George Osborne’s austerity plan – now abandoned by the Tories – was the most costly macroeconomic policy mistake since the 1930s.

George Osborne is no longer chancellor, sacked by the post-Brexit Prime Minister, Theresa May. Philip Hammond, the new Chancellor, has yet to announce detailed plans but he has indicated that the real economy rather than the deficit is his priority. The senior Conservatives Sajid Javid and Stephen Crabb have advocated substantial increases in public-sector infrastructure investment, noting how cheap it is for the government to borrow. The argument that Osborne and the Conservatives had been making since 2010 – that the priority for macroeconomic policy had to be to reduce the government’s budget deficit – seems to have been brushed aside.

Is there a good economic reason why Brexit in particular should require abandoning austerity economics? I would argue that the Tory obsession with the budget deficit has had very little to do with economics for the past four or five years. Instead, it has been a political ruse with two intentions: to help win elections and to reduce the size of the state. That Britain’s macroeconomic policy was dictated by politics rather than economics was a precursor for the Brexit vote. However, austerity had already begun to reach its political sell-by date, and Brexit marks its end.

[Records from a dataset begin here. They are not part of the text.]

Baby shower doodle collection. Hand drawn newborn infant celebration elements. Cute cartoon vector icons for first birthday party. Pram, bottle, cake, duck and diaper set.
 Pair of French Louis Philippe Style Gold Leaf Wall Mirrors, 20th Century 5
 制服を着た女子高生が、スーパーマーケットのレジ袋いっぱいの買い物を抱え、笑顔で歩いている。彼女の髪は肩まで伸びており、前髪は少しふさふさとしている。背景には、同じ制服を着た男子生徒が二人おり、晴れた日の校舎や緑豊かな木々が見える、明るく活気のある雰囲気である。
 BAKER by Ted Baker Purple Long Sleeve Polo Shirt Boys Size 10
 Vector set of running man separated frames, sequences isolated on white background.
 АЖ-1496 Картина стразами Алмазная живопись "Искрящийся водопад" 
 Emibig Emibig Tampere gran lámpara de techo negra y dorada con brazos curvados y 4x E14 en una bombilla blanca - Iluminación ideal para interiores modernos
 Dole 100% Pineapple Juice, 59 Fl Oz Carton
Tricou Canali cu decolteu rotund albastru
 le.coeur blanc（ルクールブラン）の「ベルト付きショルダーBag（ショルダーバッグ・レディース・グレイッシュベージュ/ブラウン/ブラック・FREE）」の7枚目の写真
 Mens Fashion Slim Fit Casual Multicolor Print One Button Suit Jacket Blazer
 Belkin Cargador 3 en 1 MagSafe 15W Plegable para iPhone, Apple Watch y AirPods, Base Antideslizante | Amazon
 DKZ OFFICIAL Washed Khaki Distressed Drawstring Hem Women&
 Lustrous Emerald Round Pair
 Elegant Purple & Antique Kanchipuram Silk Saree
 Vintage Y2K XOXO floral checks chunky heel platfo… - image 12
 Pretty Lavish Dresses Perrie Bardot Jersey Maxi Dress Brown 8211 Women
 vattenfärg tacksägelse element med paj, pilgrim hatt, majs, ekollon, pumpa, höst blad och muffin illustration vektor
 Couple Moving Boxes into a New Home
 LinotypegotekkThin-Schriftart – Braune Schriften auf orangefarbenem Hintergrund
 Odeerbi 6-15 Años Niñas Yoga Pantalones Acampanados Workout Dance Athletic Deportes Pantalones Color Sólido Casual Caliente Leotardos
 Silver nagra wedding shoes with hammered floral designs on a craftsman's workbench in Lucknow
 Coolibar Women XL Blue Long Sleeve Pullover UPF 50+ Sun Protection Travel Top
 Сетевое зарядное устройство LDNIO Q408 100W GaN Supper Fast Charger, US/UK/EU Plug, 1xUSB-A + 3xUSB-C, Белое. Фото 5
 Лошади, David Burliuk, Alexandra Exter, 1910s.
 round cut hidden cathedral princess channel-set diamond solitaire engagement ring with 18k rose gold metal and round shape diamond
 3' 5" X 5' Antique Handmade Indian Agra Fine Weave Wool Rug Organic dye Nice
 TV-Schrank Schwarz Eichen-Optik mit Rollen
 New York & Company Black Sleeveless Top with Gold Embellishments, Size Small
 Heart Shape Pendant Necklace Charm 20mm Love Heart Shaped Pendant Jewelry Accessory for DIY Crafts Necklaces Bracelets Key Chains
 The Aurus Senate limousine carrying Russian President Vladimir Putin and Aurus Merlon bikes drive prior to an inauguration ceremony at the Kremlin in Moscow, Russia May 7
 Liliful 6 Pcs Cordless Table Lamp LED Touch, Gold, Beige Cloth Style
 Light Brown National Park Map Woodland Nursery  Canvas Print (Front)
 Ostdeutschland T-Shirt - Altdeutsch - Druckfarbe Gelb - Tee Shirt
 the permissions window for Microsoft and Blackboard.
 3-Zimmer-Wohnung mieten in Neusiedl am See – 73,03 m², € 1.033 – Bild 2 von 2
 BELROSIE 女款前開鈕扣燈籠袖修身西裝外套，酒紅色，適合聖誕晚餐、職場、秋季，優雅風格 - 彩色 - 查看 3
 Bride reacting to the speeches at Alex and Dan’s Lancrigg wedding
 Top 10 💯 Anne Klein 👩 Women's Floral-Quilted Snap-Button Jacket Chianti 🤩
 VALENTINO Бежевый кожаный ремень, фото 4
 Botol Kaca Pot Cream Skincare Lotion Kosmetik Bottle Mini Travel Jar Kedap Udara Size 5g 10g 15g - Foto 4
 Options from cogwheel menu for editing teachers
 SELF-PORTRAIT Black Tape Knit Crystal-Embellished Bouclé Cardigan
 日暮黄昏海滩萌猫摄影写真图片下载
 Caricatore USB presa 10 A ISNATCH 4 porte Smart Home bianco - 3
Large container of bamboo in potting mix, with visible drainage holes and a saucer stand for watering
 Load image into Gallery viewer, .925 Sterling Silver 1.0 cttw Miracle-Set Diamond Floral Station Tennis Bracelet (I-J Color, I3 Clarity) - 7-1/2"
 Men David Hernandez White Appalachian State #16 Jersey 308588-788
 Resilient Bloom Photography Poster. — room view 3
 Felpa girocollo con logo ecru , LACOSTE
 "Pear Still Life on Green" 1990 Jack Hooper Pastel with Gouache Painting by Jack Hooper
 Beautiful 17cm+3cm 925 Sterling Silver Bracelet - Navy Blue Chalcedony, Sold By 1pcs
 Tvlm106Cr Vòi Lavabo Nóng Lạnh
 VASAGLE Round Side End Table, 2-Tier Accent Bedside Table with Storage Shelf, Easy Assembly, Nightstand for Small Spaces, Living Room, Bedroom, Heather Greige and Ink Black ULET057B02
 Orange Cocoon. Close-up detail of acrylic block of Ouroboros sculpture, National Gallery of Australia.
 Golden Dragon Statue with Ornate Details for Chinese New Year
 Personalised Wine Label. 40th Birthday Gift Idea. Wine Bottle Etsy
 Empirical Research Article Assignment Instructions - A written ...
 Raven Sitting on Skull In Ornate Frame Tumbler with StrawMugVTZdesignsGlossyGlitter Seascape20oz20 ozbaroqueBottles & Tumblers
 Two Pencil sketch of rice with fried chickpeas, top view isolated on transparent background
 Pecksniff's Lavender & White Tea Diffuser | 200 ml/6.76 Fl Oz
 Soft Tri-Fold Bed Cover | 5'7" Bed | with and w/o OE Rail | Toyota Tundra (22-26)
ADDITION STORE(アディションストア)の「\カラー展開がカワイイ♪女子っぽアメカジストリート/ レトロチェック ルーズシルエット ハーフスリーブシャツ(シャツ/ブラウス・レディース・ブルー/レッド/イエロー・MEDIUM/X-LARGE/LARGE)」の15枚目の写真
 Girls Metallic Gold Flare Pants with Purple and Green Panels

To understand why austerity today is opposed by nearly all economists, and to grasp the partial nature of any Conservative rethink, it is important to know why it began and how it evolved. By 2010 the biggest recession since the Second World War had led to rapid increases in government budget deficits around the world. It is inevitable that deficits (the difference between government spending and tax receipts) increase in a recession, because taxes fall as incomes fall, but government spending rises further because benefit payments increase with rising unemployment. We experienced record deficits in 2010 simply because the recession was unusually severe.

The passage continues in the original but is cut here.